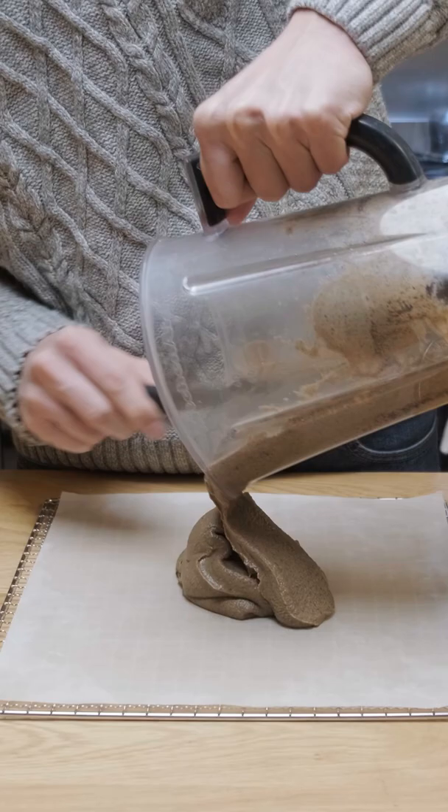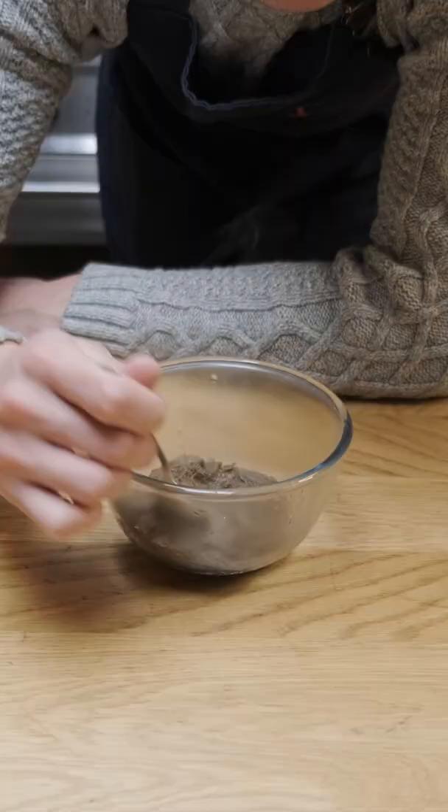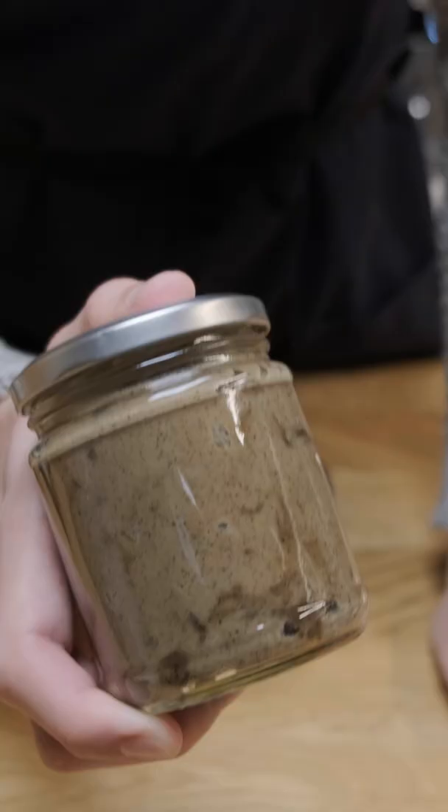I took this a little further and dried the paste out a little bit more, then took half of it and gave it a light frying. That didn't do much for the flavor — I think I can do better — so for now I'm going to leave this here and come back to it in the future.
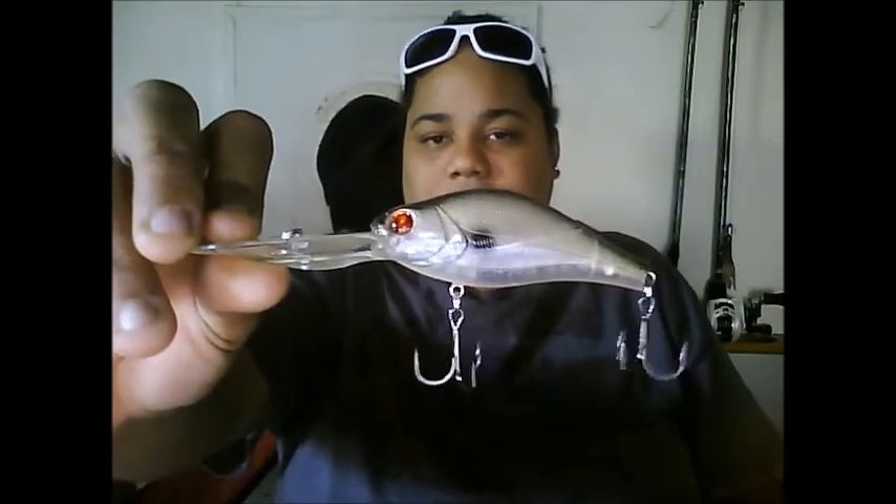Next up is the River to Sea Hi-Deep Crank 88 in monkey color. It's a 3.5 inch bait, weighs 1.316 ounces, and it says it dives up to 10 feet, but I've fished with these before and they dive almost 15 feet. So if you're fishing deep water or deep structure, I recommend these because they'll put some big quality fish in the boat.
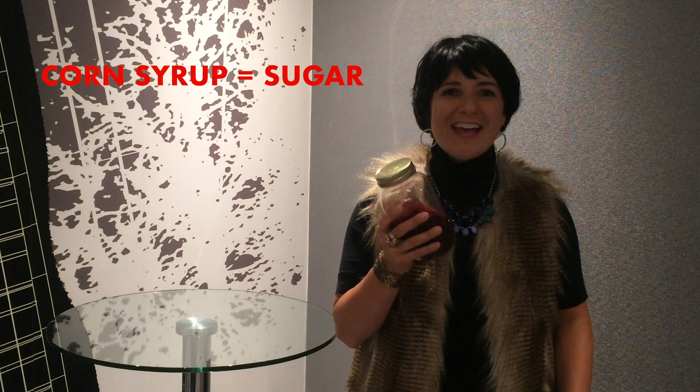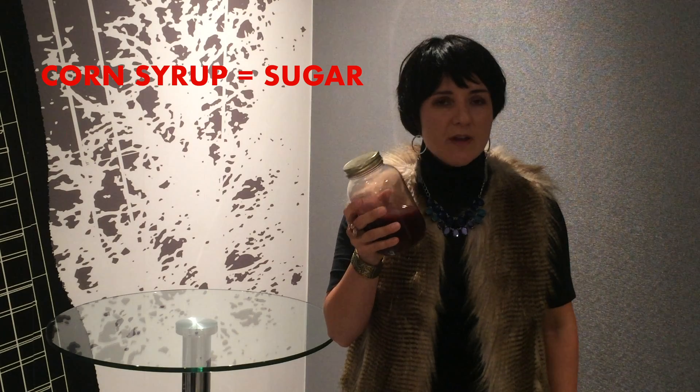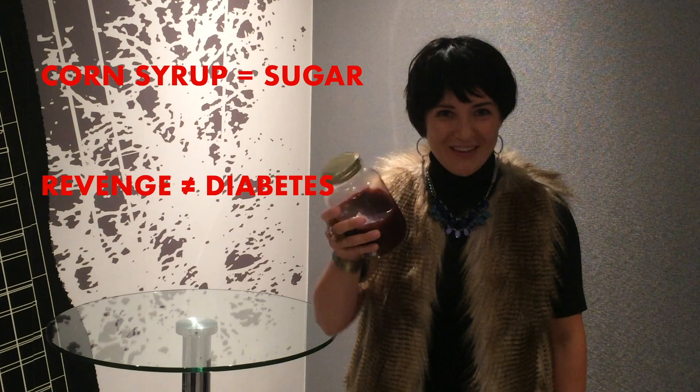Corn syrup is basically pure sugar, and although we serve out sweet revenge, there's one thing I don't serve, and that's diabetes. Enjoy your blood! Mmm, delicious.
════════════════
Repeat the listing verbatim, pictures excluded.

I took this a little further and dried the paste out a little bit more, then took half of it and gave it a light frying. That didn't do much for the flavor — I think I can do better — so for now I'm going to leave this here and come back to it in the future.
Next up is the River to Sea Hi-Deep Crank 88 in monkey color. It's a 3.5 inch bait, weighs 1.316 ounces, and it says it dives up to 10 feet, but I've fished with these before and they dive almost 15 feet. So if you're fishing deep water or deep structure, I recommend these because they'll put some big quality fish in the boat.
Corn syrup is basically pure sugar, and although we serve out sweet revenge, there's one thing I don't serve, and that's diabetes. Enjoy your blood! Mmm, delicious.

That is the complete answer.